***** DATA EXCERPT *****

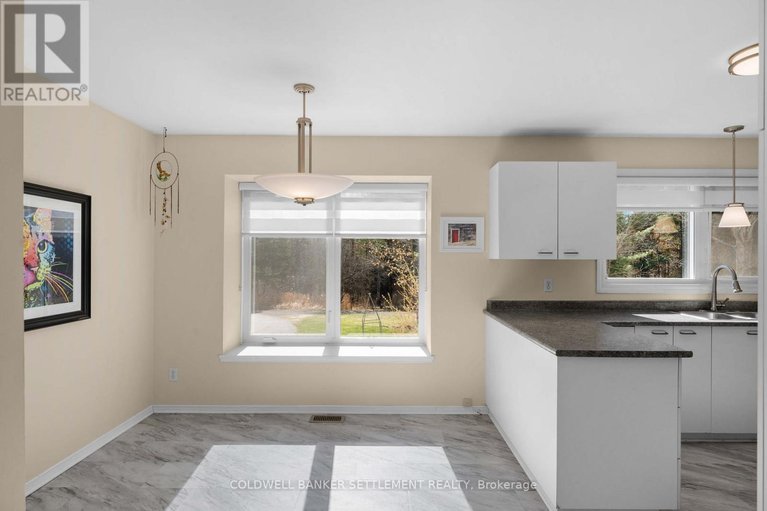 29662329/355-otty-way/drummondnorth-elmsley-north-elmsley-twp/drummondnorth-elmsley/ontario/K7H0E5_13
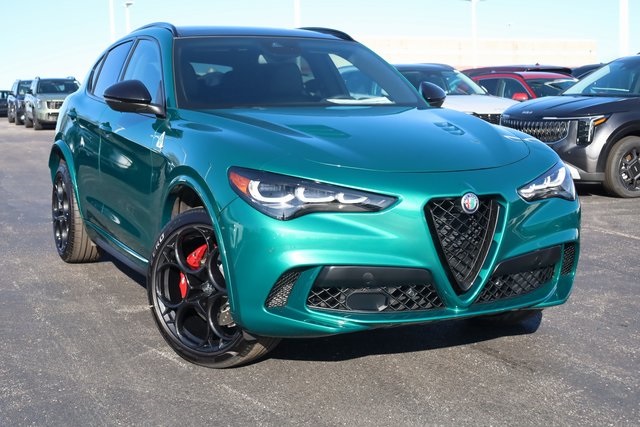 2024 Alfa Romeo Stelvio Quadrifoglio 2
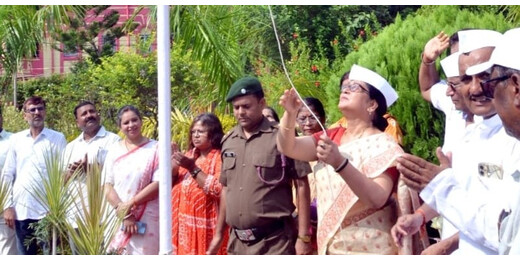लंगट सिंह कॉलेज में शान से लहराया तिरंगा, प्राचार्या ने दिया राष्ट्र निर्माण का संदेश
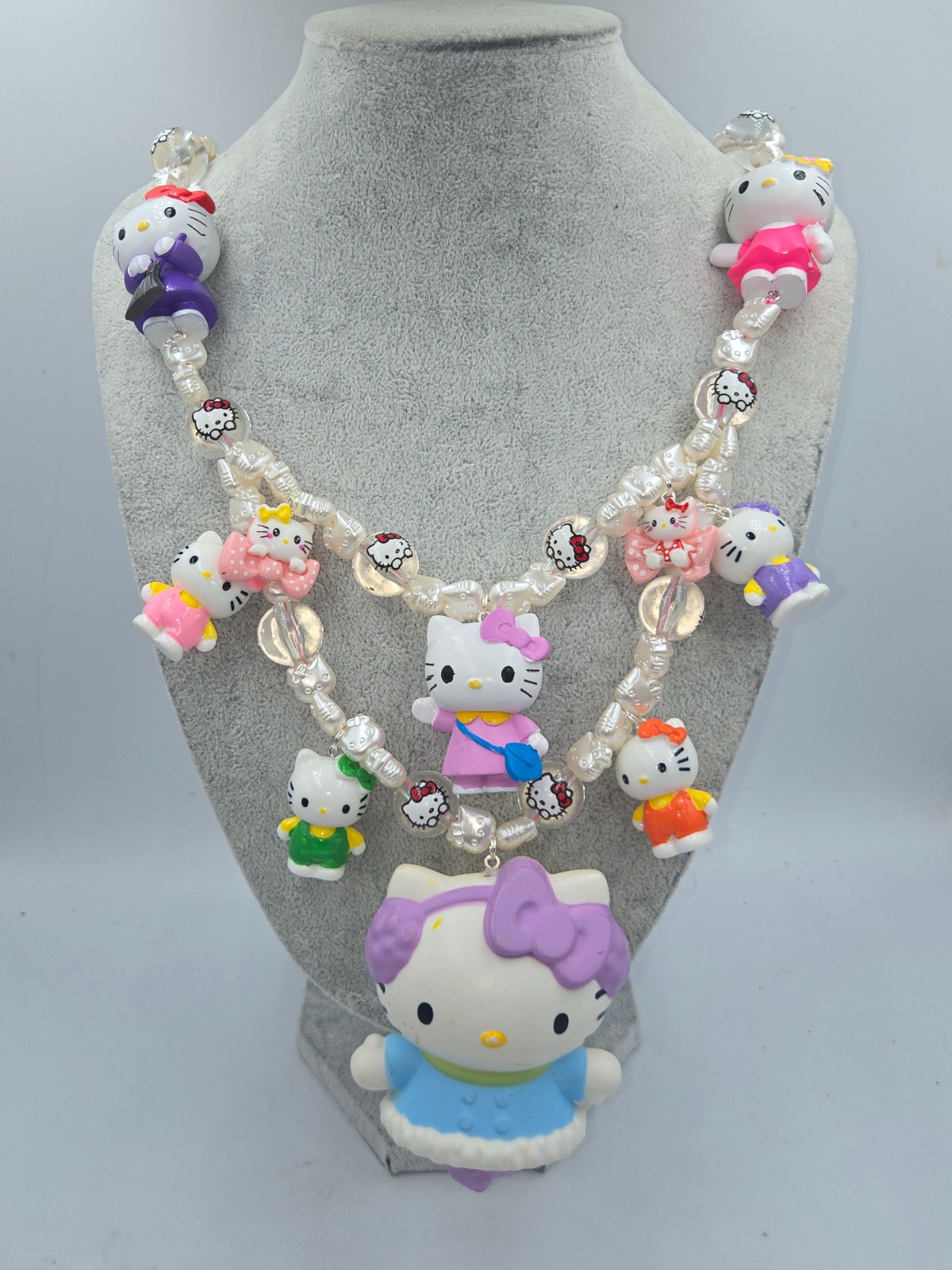 Bijzondere ketting met Vintage Hello Kitty figuurtjes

*****

## PROBLEM DESCRIPTION:
Transcribe exactly, and only, the lines from the one with "लंगट सिंह कॉलेज" through the final line of the data above. The pictures stay out.

## SOLUTION FOR THIS PROBLEM:
लंगट सिंह कॉलेज में शान से लहराया तिरंगा, प्राचार्या ने दिया राष्ट्र निर्माण का संदेश
 Bijzondere ketting met Vintage Hello Kitty figuurtjes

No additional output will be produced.